Artemisinin-resistant P. falciparum is now firmly established in eastern Myanmar, western Cambodia and Thailand, and southern Vietnam, and it is emerging in southern Laos and northeastern Cambodia. Despite the recent spread of resistance, we found that artemisinin-based combination therapies in this region were still highly efficacious, presumably because of increased reliance on the efficacy of the partner drug as the potency of the artemisinin component waned. However, rates of treatment failure with artesunate–mefloquine in Thailand and with dihydroartemisinin–piperaquine in Cambodia have increased by a factor of more than 5.^11,25-29 Mathematical modeling, in vitro experiments, and transcriptomic studies all suggest that reduced susceptibility of ring-stage parasites causes the slow parasite clearance.^5-9 Strong evidence^30,31 of genetic linkage to a region of P. falciparum chromosome 13 has now been translated¹⁰ into the discovery of a molecular marker — single-nucleotide polymorphisms (SNPs) in the propeller region of a kelch protein encoded by kelch13.

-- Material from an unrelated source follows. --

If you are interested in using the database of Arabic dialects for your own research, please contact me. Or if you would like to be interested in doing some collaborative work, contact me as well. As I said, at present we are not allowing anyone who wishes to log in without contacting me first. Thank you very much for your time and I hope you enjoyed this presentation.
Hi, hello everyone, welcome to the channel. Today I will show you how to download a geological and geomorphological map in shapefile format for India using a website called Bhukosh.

In this large study, multiple kelch13 SNPs were highly predictive of slow parasite clearance and were associated with more than double the parasite clearance half-life. Some SNPs (notably C580Y) predominated. With one exception, only one SNP per propeller domain was ever present in “clonal” infections. The majority of SNPs were associated with a similar prolongation of the parasite clearance half-life. The geographic distribution of these SNPs confirms that artemisinin resistance has emerged and spread extensively in mainland Southeast Asia. Widespread availability of artemisinin monotherapies, poor-quality artemisinin–based combination therapies and monotherapies containing subtherapeutic amounts of active ingredients, and unregulated use of antimalarial agents, plus the unusual genetic structure of parasites in this region,³² may have contributed to the selection of resistant parasites.

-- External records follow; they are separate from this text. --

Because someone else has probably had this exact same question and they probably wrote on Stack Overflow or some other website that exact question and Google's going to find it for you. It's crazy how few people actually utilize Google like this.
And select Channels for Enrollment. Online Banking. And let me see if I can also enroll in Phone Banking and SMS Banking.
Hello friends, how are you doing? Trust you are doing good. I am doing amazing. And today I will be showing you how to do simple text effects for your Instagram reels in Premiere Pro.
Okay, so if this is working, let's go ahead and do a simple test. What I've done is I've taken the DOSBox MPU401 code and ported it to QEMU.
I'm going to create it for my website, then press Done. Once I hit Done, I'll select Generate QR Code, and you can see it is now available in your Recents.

Simple surrogate measures for the parasite clearance rate, such as the proportion of patients with detectable parasitemia on day 3, have been useful in ruling out resistance, but they are imprecise and depend on the pretreatment parasite density, accurate timing of samples, and reliable counting.²¹ Parasite clearance rates or half-lives are preferable but they are still influenced by many factors, including antimalarial–drug dosing, pharmacokinetics, and pharmacodynamics, as well as host immunity.^{4,5,12,13,18,33} Sequencing of kelch13 provides a potential tool for rapid epidemiologic assessment.

Patients in Bangladesh, Nigeria, and the Democratic Republic of Congo also occasionally had parasite clearance half-life values of more than 5 hours, but these values were not associated with kelch13 polymorphisms. Conversely, 3 patients in Kinshasa who had kelch13 propeller polymorphisms had very rapid parasite clearance. However, non-synonymous SNPs before kelch13 position 441 (not associated with slow parasite clearance) were also more frequent in Kinshasa (30 of 72 patients). The ratio of proximal SNPs to distal SNPs, relative to the 441 cutoff point, may be informative in epidemiologic assessments. Slow parasite clearance after treatment with artemisinin derivatives was observed infrequently soon after they were introduced in Asia.³⁴ Detection of persistently dormant yet drug-sensitive parasites and splenic hypofunction are possible explanations.³⁵ Another factor is the initial doses of artemisinin derivatives, which vary considerably among different artemisinin-based combination therapies and range from 1.6 mg of artemether per kilogram in artemether–lumefantrine to 2.5 mg of dihydroartemisinin per kilogram in dihydroartemisinin–piperaquine to 4 mg of artesunate per kilogram in other artemisinin-based combination therapies. In Kinshasa, parasite clearance was faster with artesunate at a dose of 4 mg per kilogram per day than with artemether at a dose of 1.6 mg per kilogram per day, suggesting a submaximal effect with artemether.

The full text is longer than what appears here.